- Theatrical release poster
- Directed by: Kōji Shiraishi
- Written by: Kōji Shiraishi Naoyuki Yokota
- Produced by: Takashige Ichise
- Starring: Jin Muraki; Marika Matsumoto; Rio Kanno; Tomono Kuga; Satoru Jitsunashi; Ungirls; Maria Takagi; Dankan; Ai Iijima; Hiroshi Aramata;
- Cinematography: Shozo Morishita
- Edited by: Nobuyuki Takahashi
- Music by: Masayuki Himuro
- Production companies: Xanadeux Entertainment Farm Oz Company Geneon Entertainment Pivot Plus Music
- Distributed by: Xanadeux
- Release date: 20 August 2005;
- Running time: 115 minutes
- Country: Japan
- Language: Japanese
- Budget: $2 million
- Box office: (Global) $7,400 = (International) $6,819^{[citation needed]}

= Noroi: The Curse =

2005 film by Kōji Shiraishi

Noroi: The Curse (ノロイ, Noroi) is a 2005 Japanese horror film directed by Kōji Shiraishi, who co-wrote the screenplay with Naoyuki Yokota. It stars Jin Muraki as a paranormal researcher investigating mysterious events for a documentary. It is presented as the finished documentary, using pseudo-documentary and found footage techniques. The cast also includes Marika Matsumoto as a fictionalized version of herself alongside Rio Kanno, Tomono Kuga, Satoru Jitsunashi with cameos from Japanese comedian duo Ungirls, former AV actress Maria Takagi, actor and director Dankan, late TV personality and former AV actress Ai Iijima, and author Hiroshi Aramata.
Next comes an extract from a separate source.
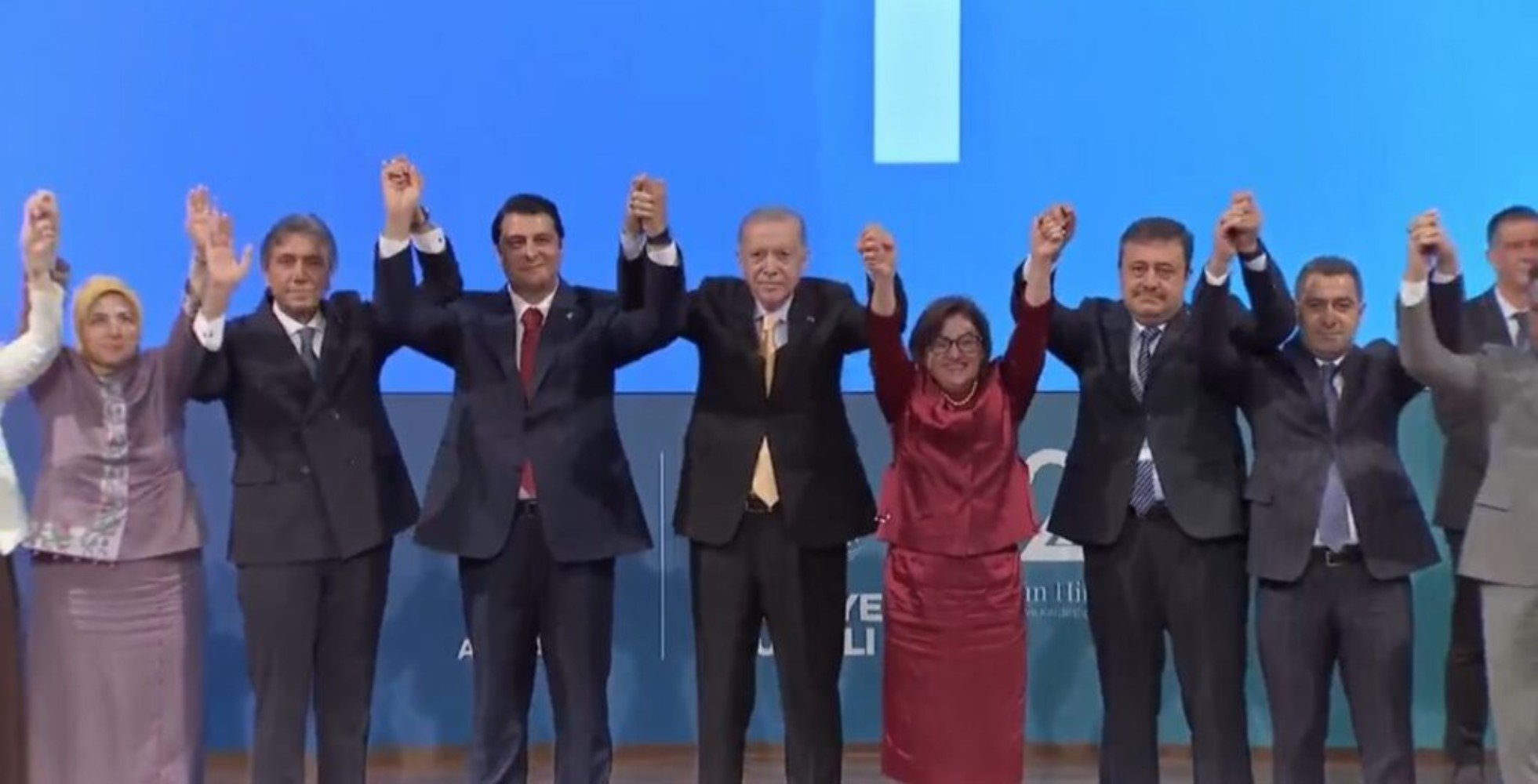 Erdoğan'ın rozetini taktığı Umut Yılmaz AKP'ye çabuk alıştı! Övgüler yağdırdı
Noroi: The Curse was released in Japan on August 20, 2005, and has received limited distribution elsewhere. It garnered generally positive reviews, with critics commending the presentation, performances, atmosphere, and pacing.

==Plot==
Masafumi Kobayashi is a paranormal researcher who has produced a series of books and documentaries on supernatural activity around Japan. During the production of a documentary titled The Curse, Kobayashi disappeared after his house burnt down, and his wife Keiko was found dead in the ruins. The aforementioned documentary begins to play, shown mostly through the recordings of Kobayashi's cameraman, Miyajima.
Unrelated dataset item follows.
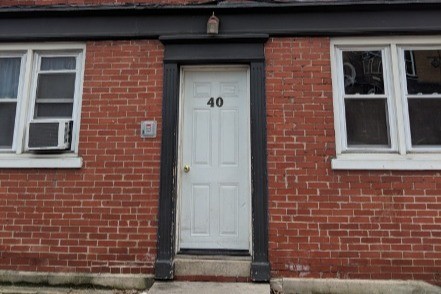Entry - 40 W James St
A year and a half earlier, Kobayashi investigated a woman named Junko Ishii and her son after a neighbor heard the sound of crying babies coming from her house. Ishii soon moves away, and Kobayashi and Miyajima return to her former residence to find dead pigeons in the yard. Ishii's neighbor and her daughter died five days later in a mysterious car crash. Around the same time, Kana Yano, a girl who exhibits strong psychic abilities on a variety television program, disappears. Speaking to her parents, Kobayashi learns that a man named Mitsuo Hori visited Kana. Hori, an eccentric psychic, claims that the girl was taken by "ectoplasmic worms." Hori's obscure directions lead Kobayashi and Miyajima to observe a man named Osawa, who takes pigeons into his home in a nearby apartment block. Osawa is later reported missing.
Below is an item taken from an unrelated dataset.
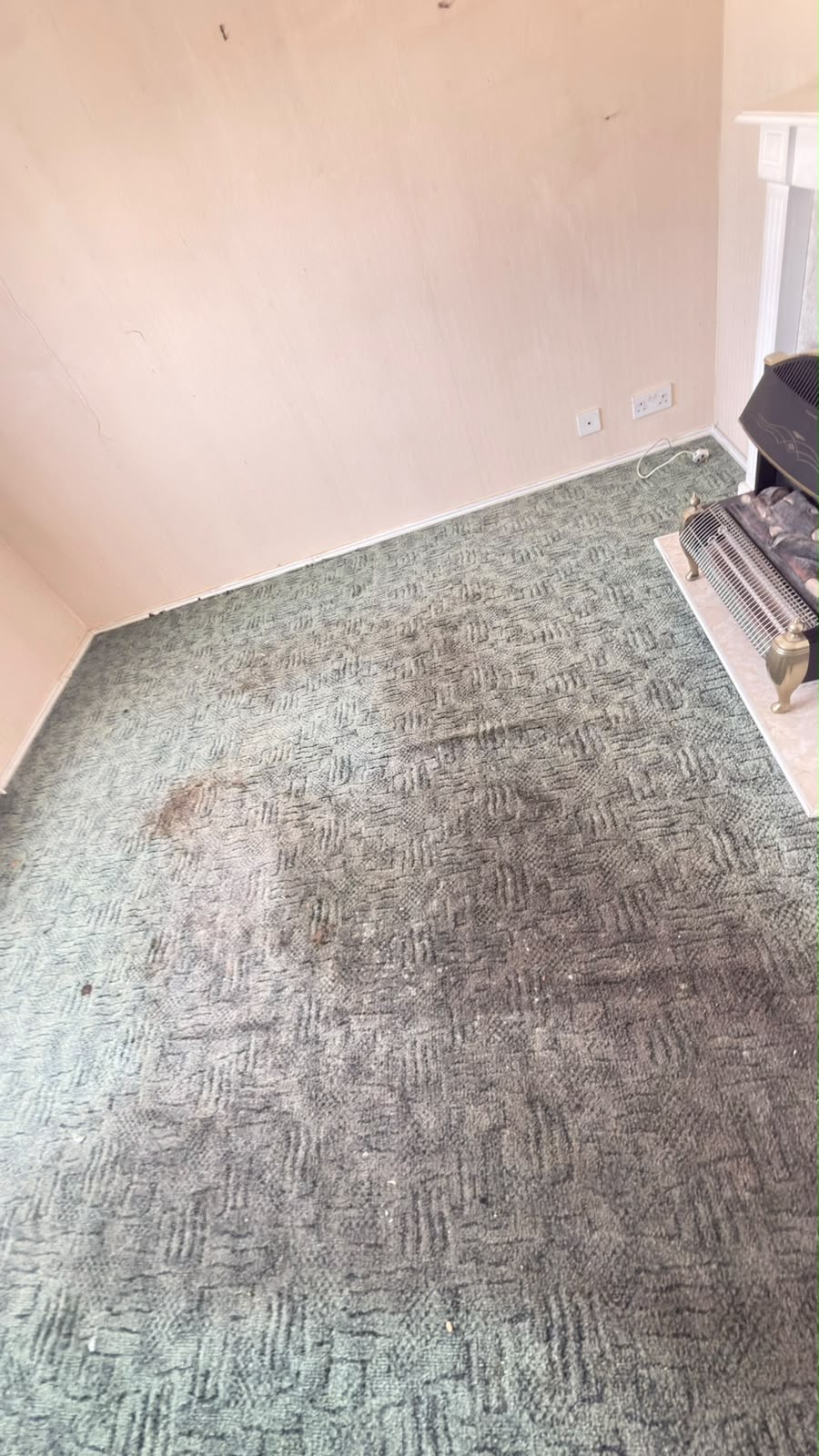 Room carpet before move-in cleaning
After filming at a shrine, actress Marika Matsumoto collapses screaming after hearing a mysterious voice, and later finds herself fashioning yarn and wires into interconnected loops in her sleep. Kobayashi sets up a camera to record her one night and captures a deep voice saying the word "kagutaba." Kobayashi visits a local historian who tells him that Kagutaba is the name of a demon. The residents of a village called Shimokage in Nagano Prefecture once summoned Kagutaba, but imprisoned it for disobeying their commands. An annual ritual was performed to appease Kagutaba until the village was abandoned in 1978 to make way for a dam. The final ritual, which was filmed, was performed by a priest and his daughter. At the end of the ritual, the daughter became hysterical in what the villagers believed to be demonic possession by Kagutaba. Kobayashi discovers that the daughter was Ishii and that she worked at a nursing school where she helped perform illegal late-term abortions and stole the fetuses.

Marika reveals that her neighbour Midori has hanged herself. Midori, along with six other people, including Osawa, hanged themselves in a park using nooses similar in fashion to Marika's loops. After Marika experiences strange behavior, she goes with Kobayashi, Miyajima, and Hori to the Shimokage dam to perform the ritual to appease Kagutaba, hoping that doing so will free her from the demon's influence. After Kobayashi and Marika perform the ritual, Hori becomes agitated and runs into a nearby forest; Kobayashi follows him. Marika exhibits signs of possession, fleeing into the forest. Meanwhile, Kobayashi and Hori find the villagers' dogs slaughtered near a secluded shrine in the woods. Kobayashi's camera captures an apparition of Kana under a torii, surrounded by writhing fetuses. Marika abruptly recovers.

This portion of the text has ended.